Fernando Clavijo abocetó en el debate parlamentario un ambicioso plan educativo para que los niños y jóvenes canarios  — que viven en una comunidad que se dedica básicamente a actividades turísticas – aprendan inglés. Por cierto, la mayor debilidad de esta iniciativa no está – contra lo señalado por el PSC-PSOE – en que carezca de ficha financiera. El error central del plan es que la adhesión al mismo por profesores y centros docentes tendrá un carácter voluntario.  Simplemente, no se puede trazar un objetivo académico estratégico en el ámbito educativo – que incluye nada menos que inglés como idioma vehicular en las aulas isleñas — fiando su consecución a la voluntariedad de profesores y centros en el esfuerzo. Bajo esta disparatada premisa el plan está destinado al fracaso. Y la responsabilidad de que la inmensa mayoría de los escolares canarios no hablen inglés fluidamente no cabe achacarla exclusivamente a los sucesivos gobiernos autonómicos. A la llamada comunidad educativa el aprendizaje de idiomas extranjeros le ha importado un higo-pico. Sí, es un poquitín tercermundista que los canarios no hablen aceptablemente un inglés básico, algo que sí ocurre entre adolescentes y jóvenes de países no precisamente nórdicos. Es muy, pero que muy imbécil pensar en una modernización y diversificación  de la economía regional sin una población bilingüe que maneje el inglés con corrección y naturalidad y con una proporción de licenciados en Derecho o en Filología que triplica a los titulados en ingenierías: así no hay manera de hacerse un hueco habitable en la economía globalizada. Y apenas exagerando algo: así, con un ejército de leguleyos de secano, filólogos sobrevenidos y auxiliares administrativos es difícil enfrentarse con las actitudes depredadoras de grandes empresas multinacionales y avanzar en el control de nuestras propias vidas como individuos y como pueblo.

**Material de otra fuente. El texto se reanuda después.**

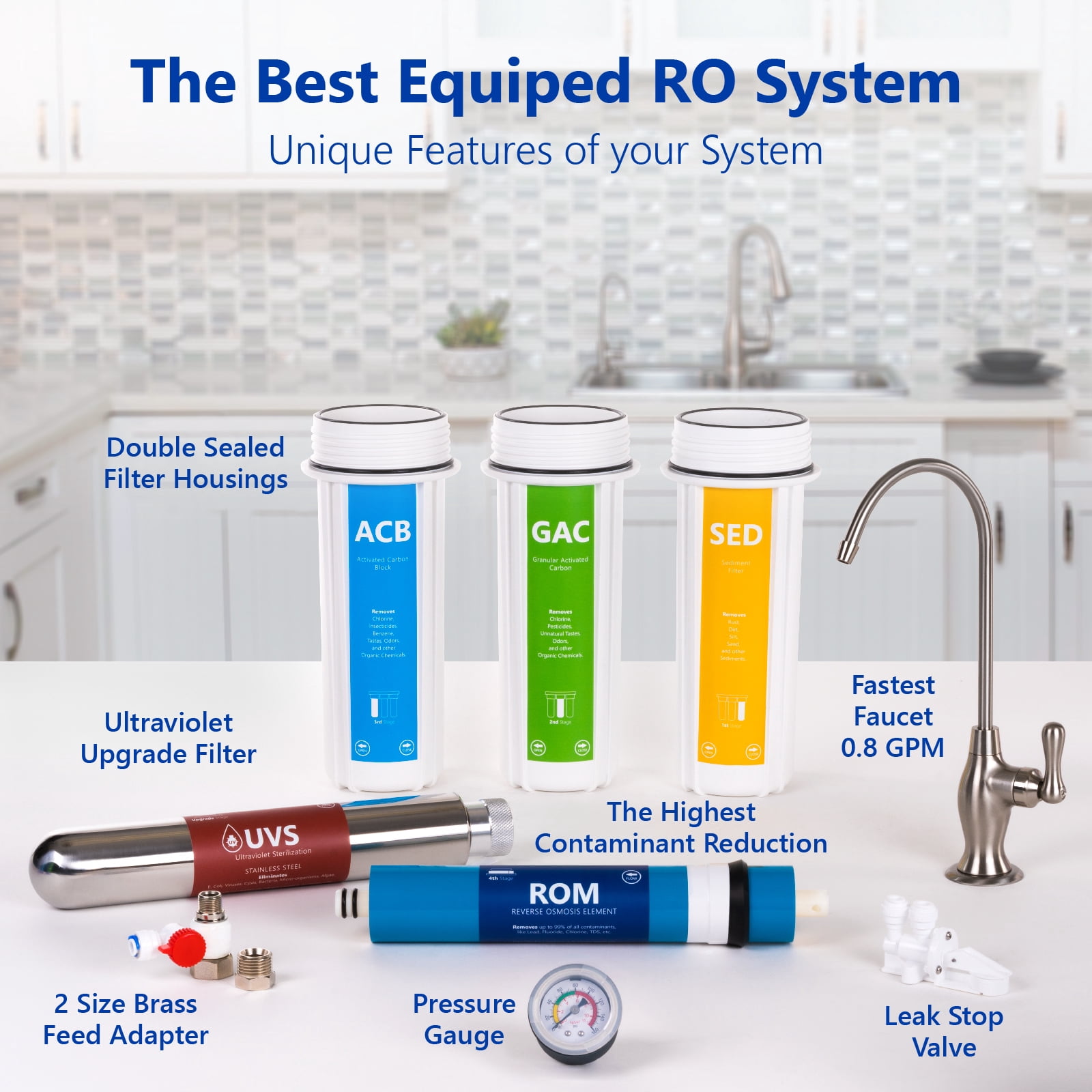 Ultraviolet Reverse Osmosis Water Filtration System – RO UV w/ Gauge – 100 GPD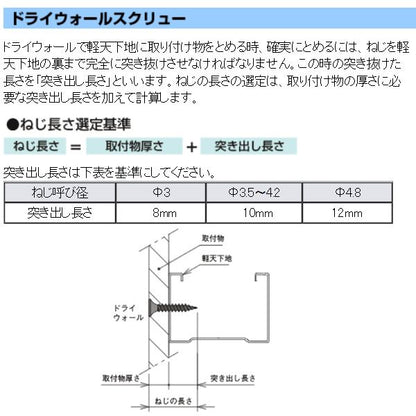 軽天・内装工事用ビス FS25 3.5×25 フレキ頭 [1000本入]【0010-00041】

A mí el tiempo me ha enseñado dolorosamente la ambigüa lección de la esperanza. Seguiré disfrutando de la degradación de nuestras expectativas como pequeño pueblo atlántico mientras espero que el Parlamento – o en su defecto La Garriga – me declaren persona non grata  por creer que la única claridad que nos inunda es la del sol de nuestra eterna primavera.